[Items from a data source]
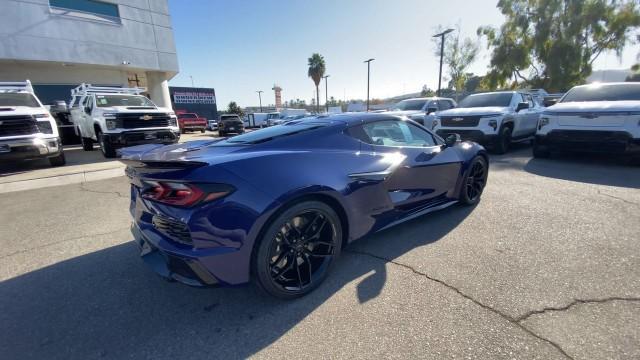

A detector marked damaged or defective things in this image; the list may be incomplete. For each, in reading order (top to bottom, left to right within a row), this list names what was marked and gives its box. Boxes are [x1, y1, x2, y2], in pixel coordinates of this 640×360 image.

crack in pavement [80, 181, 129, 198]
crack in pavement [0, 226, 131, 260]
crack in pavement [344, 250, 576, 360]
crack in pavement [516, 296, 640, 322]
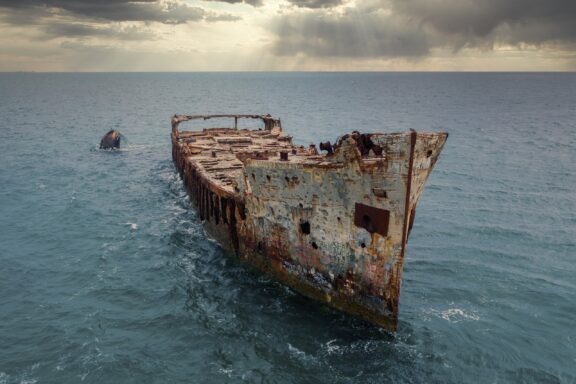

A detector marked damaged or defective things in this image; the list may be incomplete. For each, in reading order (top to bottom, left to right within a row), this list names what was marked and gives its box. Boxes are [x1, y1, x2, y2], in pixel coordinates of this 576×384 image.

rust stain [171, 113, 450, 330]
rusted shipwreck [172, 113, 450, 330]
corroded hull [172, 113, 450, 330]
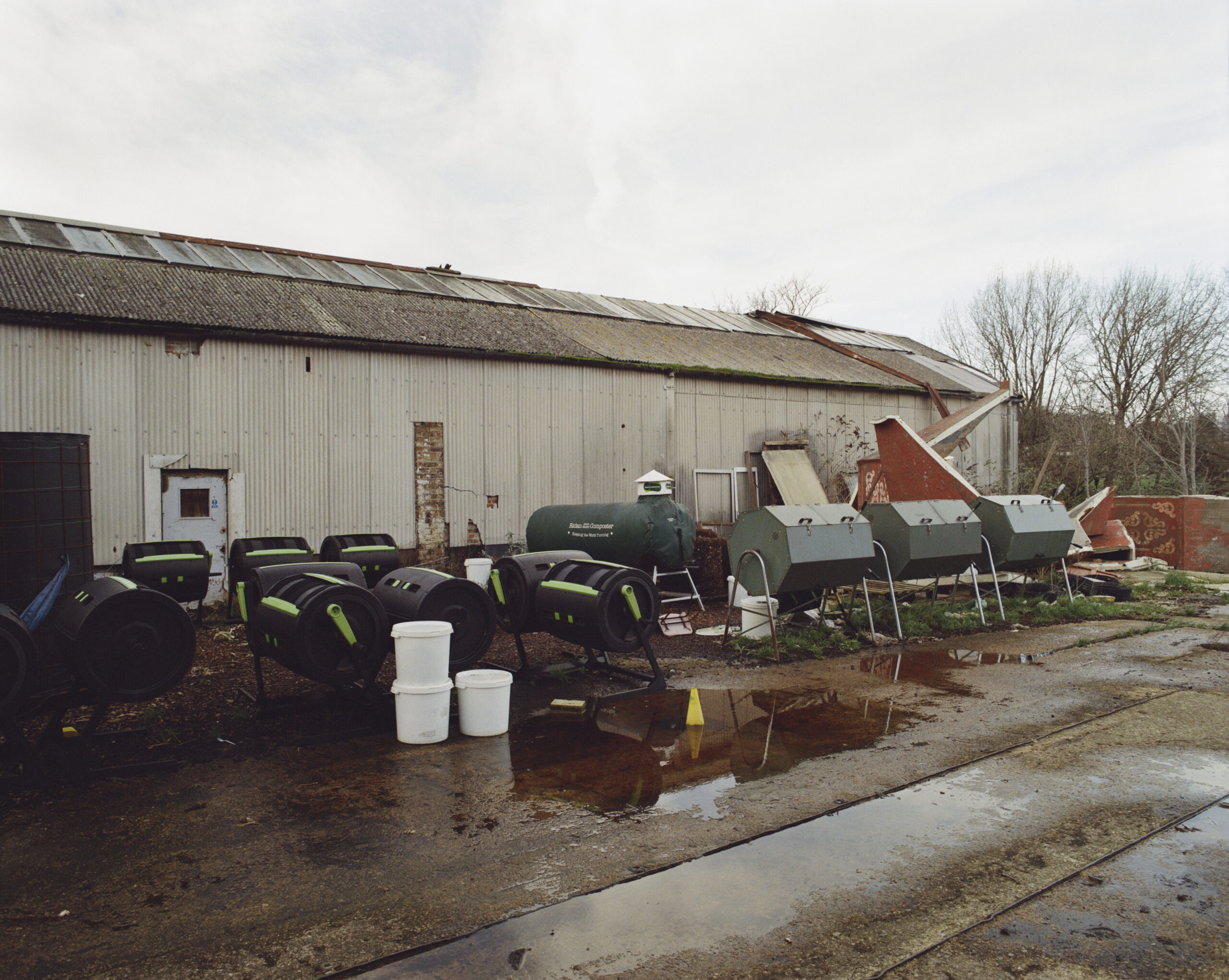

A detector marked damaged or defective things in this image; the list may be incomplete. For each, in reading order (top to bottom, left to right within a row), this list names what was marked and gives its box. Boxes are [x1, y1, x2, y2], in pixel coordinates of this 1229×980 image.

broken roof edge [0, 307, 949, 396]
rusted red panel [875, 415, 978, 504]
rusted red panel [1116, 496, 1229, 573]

### Directions for this task
Copy every record exactly as it appears, apart from any pictures.

### Exercise answer
A detector marked damaged or defective things in this image; the list may be incomplete. For each, in reading order (top to bottom, left to right within a row), this list names what was marked and gives its box. Boxes are [x1, y1, x2, y2], in pixel coordinates of this 640×360 image.

crack in pavement [80, 181, 129, 198]
crack in pavement [0, 226, 131, 260]
crack in pavement [344, 250, 576, 360]
crack in pavement [516, 296, 640, 322]

A detector marked damaged or defective things in this image; the list may be incomplete. For each, in reading order (top to bottom, left to right within a row), this list names what was marked and gives its box. Boxes are [x1, y1, x2, y2], in pixel coordinates of this 576×384 image.

rust stain [171, 113, 450, 330]
rusted shipwreck [172, 113, 450, 330]
corroded hull [172, 113, 450, 330]

A detector marked damaged or defective things in this image; the list may be incomplete. For each, in reading order (top to bottom, left to right within a row), this list names what was marked and gives its box. Boxes are [x1, y1, x2, y2], in pixel coordinates of this 1229×980 image.

broken roof edge [0, 307, 949, 396]
rusted red panel [875, 415, 978, 504]
rusted red panel [1116, 496, 1229, 573]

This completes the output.